Assignment.
Reproduction of part of the material below, pictures omitted: copy exactly, and only, the lines starting with the one with "ilustrações, clipart, desenhos" and going on through the one with "Isolated Checklist on Clipboard".

Record set.
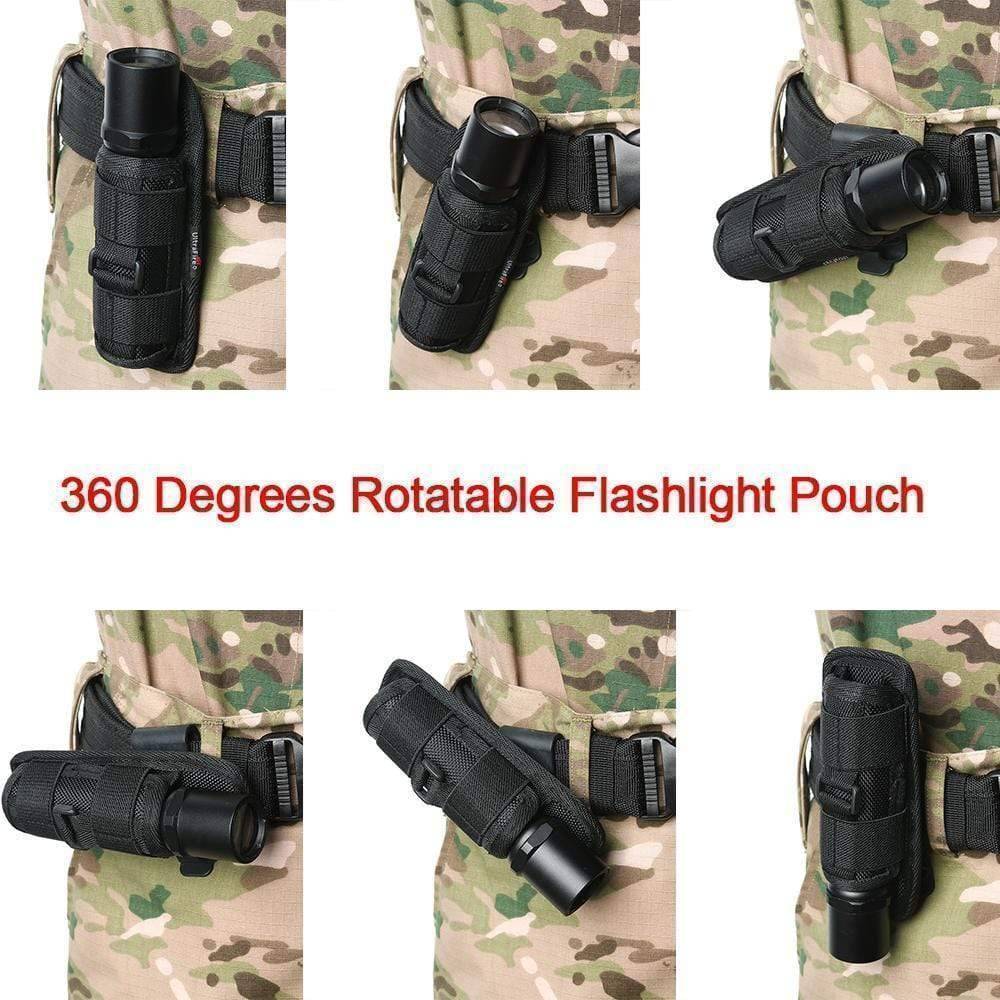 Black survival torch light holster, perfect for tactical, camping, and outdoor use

--

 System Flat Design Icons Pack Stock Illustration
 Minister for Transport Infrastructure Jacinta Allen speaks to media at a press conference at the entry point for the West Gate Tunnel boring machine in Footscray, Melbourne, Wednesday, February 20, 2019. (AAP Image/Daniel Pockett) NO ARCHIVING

---

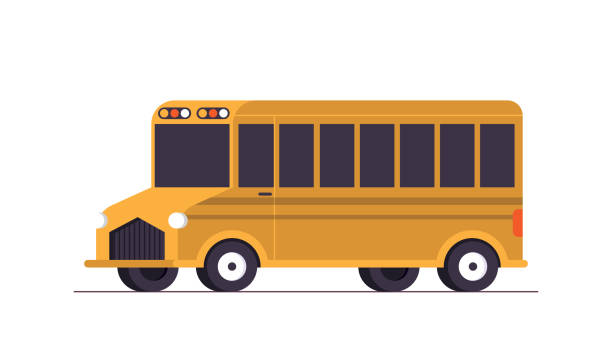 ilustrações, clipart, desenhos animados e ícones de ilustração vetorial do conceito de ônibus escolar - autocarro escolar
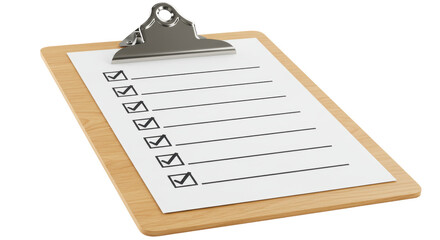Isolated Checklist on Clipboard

Task response.
 ilustrações, clipart, desenhos animados e ícones de ilustração vetorial do conceito de ônibus escolar - autocarro escolar
Isolated Checklist on Clipboard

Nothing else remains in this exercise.